- _Brief_:
Apart from the images, the records below need to be copied exactly.
[Records shown]
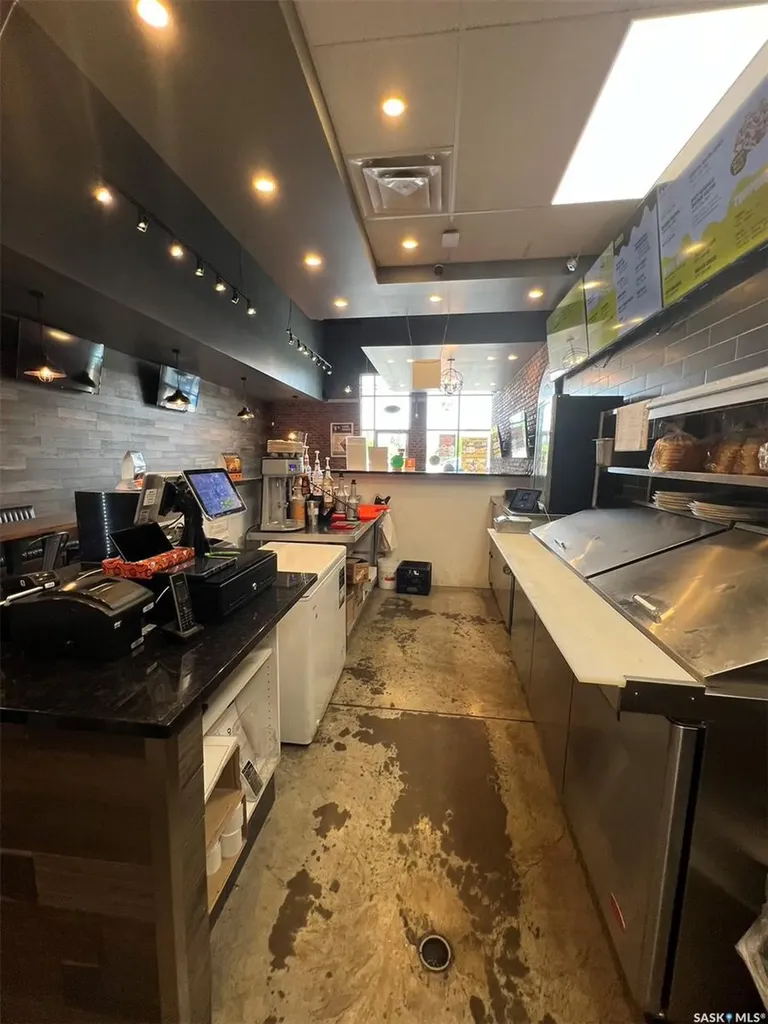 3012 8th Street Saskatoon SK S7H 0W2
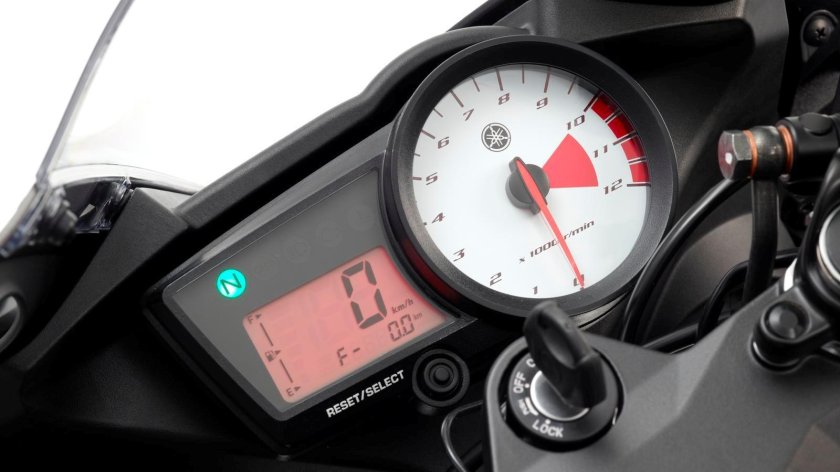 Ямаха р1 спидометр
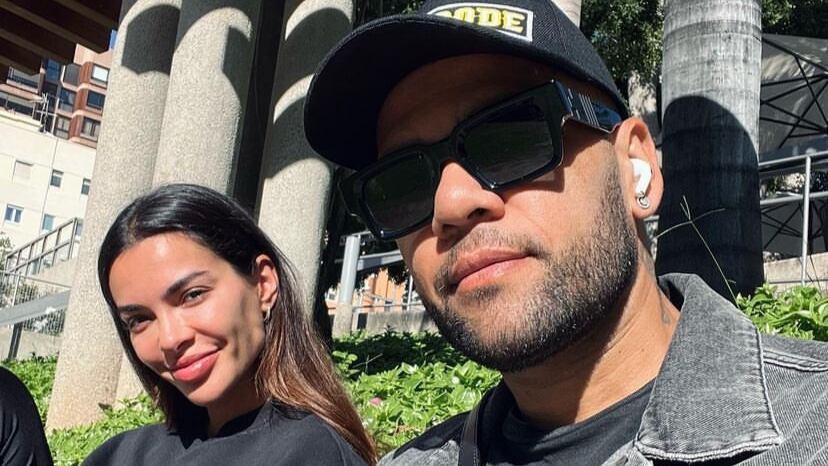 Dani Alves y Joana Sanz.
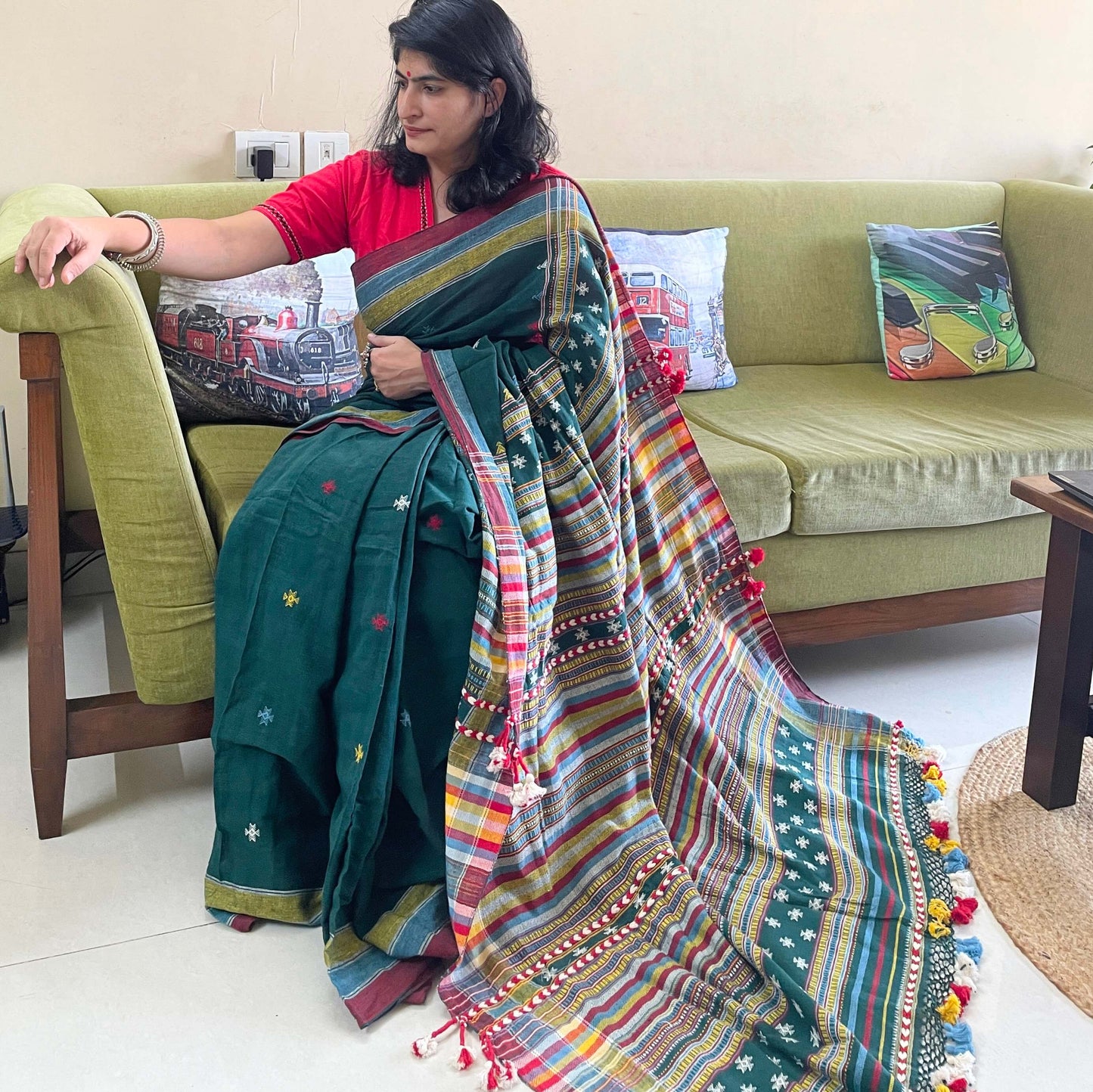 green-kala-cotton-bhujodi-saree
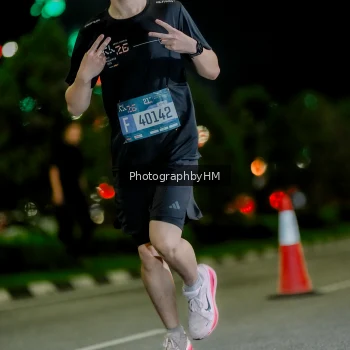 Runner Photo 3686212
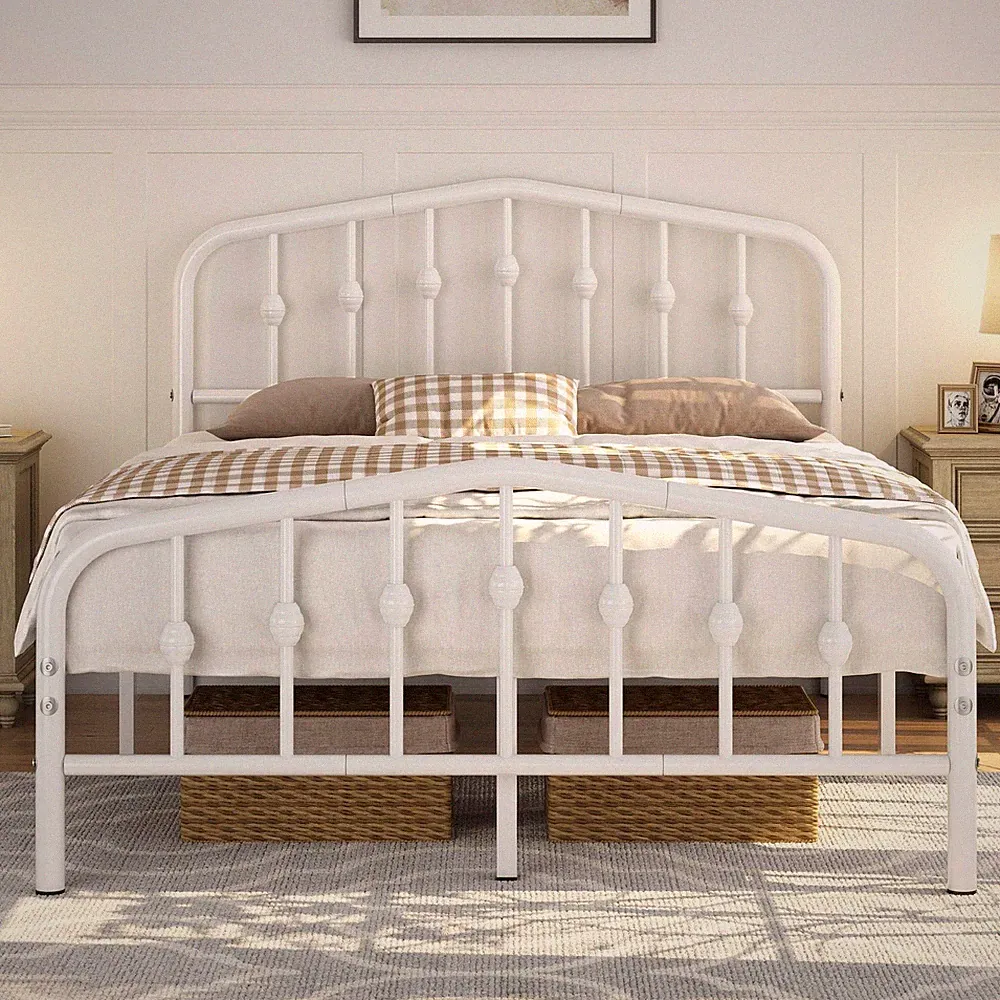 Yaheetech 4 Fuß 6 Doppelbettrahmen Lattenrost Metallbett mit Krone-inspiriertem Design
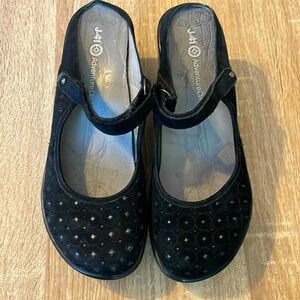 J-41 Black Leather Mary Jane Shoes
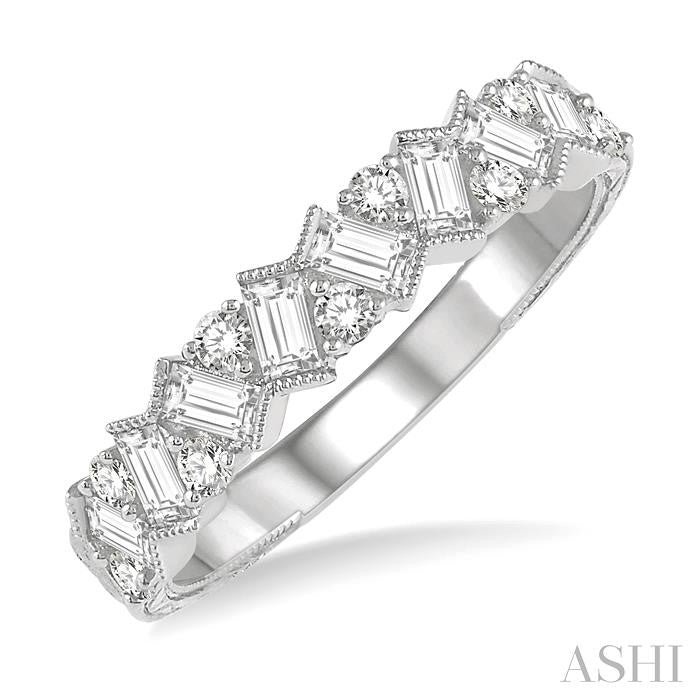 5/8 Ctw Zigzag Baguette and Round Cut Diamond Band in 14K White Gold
[/Records shown]
- _Output below_:
 3012 8th Street Saskatoon SK S7H 0W2
 Ямаха р1 спидометр
 Dani Alves y Joana Sanz.
 green-kala-cotton-bhujodi-saree
 Runner Photo 3686212
 Yaheetech 4 Fuß 6 Doppelbettrahmen Lattenrost Metallbett mit Krone-inspiriertem Design
 J-41 Black Leather Mary Jane Shoes
 5/8 Ctw Zigzag Baguette and Round Cut Diamond Band in 14K White Gold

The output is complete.